How Identity Theft Is Committed

  • In public places, watching you from a nearby location as you enter your Personal Identification Number (PIN) or credit card number.
  • Some criminals will go through your garbage cans or commercial dumpsters to obtain copies of your checks, credit card or bank statements, or other records that may bear your name, address or telephone number.
  • Stolen purse or wallet
  • If you have received applications for "pre-approved" credit cards, but discard them without destroying the enclosed materials, criminals may retrieve them and attempt to activate the cards for their use without your knowledge.
  • They may establish a cellular telephone using your information.
  • Criminals may use your name, social security number and date of birth to open a credit card account. When the card is used and the bill is not paid, the delinquent account would be reported on your credit report.
  • They may open a bank account in your name and write bad checks on the account.
  • Criminals may remove bank statements, credit card statements, pre-approved credit card applications, etc., from your mailbox.

Protecting Your Identity

  • Limit the amount of confidential or personal information you carry in your wallet or purse.
  • Avoid carrying blank checks and do not have your social security number pre-printed on your checks.
  • Consider using only your first initial and last name on your checks.
  • Keep backup information about your accounts, in the event your wallet or purse is stolen.
  • Never respond to unsolicited requests for your social security number or financial data.
  • Shred credit card applications you receive in the mail and do not use.
  • Check all credit card and bank statements for accuracy.
  • Obtain a copy of your credit report annually and check for accuracy.
  • Be observant at automated teller machines (ATMs). "shoulder surfers" could obtain your "PIN" and gain access to your accounts.
  • Obtain credit cards and business cards with your picture on them if possible.
  • When you are traveling, have your mail held at the local post officer or ask a neighbor you know well and trust to collect and hold your mail while you are gone.
  • When you expect a new or replacement credit card in the mail, and it does not arrive, call the card company to inquire if it was sent. Also, confirm no one filed a change of address.

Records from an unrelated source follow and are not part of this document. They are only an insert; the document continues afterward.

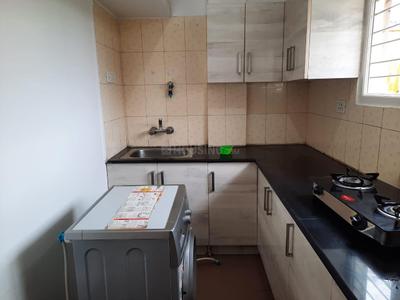 Kitchen Image of 1350 Sq.ft 2 BHK Builder Floor for rent in Koramangala Bengaluru for Rs. 50000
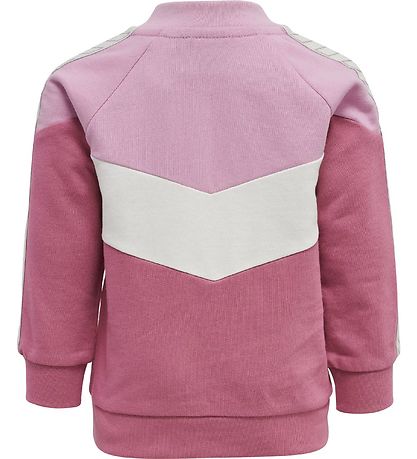 Hummel Cardigan - hmlSakina - Heather Rose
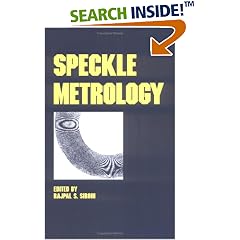 Speckle Metrology (Optical Engineering)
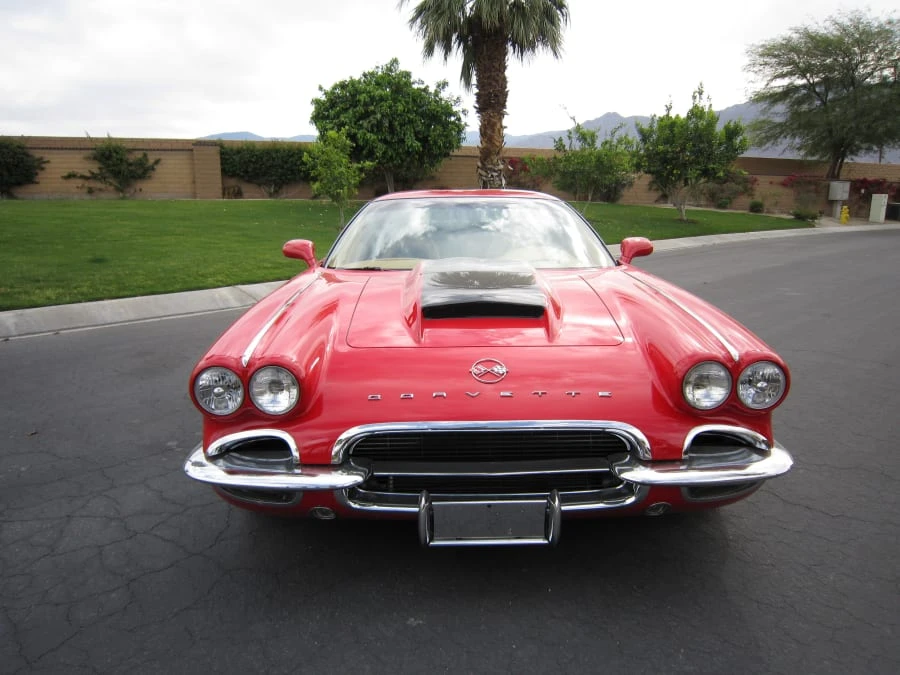 2003 Chevrolet Corvette C5 Z06 - Image 8 of 9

Already a Victim of Identity Theft?

If you have already been the victim of identity theft, take the following measures. In dealing with authorities and financial institutions, keep a log of all conversations, including dates, names, and phone numbers. Confirm conversations in writing. Send correspondence by certified mail - return receipt requested. Keep copies of all correspondence.

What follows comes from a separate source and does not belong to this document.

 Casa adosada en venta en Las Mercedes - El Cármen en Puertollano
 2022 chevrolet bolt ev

  • File a report with your local law enforcement agency providing as much documented evidence as possible. Obtain a copy of the report and name and telephone number of the investigator. Provide a copy of the report to creditors and others who require verification of your case.
  • Immediately contact the fraud units of the three credit reporting agencies.
  • Contact all creditors immediately with whom your name has been used fraudulently by phone and in writing. Obtain replacement cards with new account numbers for those that have been fraudulently used.  Ask that old accounts be processed as “account closed at consumer’s request”.  Carefully monitor your mail and credit card bills for evidence of new fraudulent activity.  Report such activity to credit grantors.
  • If your ATM card has been stolen or compromised, obtain a new card, account number, and PIN.  Do no use your old PIN.  When establishing a new PIN, don’t use common numbers like the last four digits of your social security number or date of birth.  Do not write down the PIN number.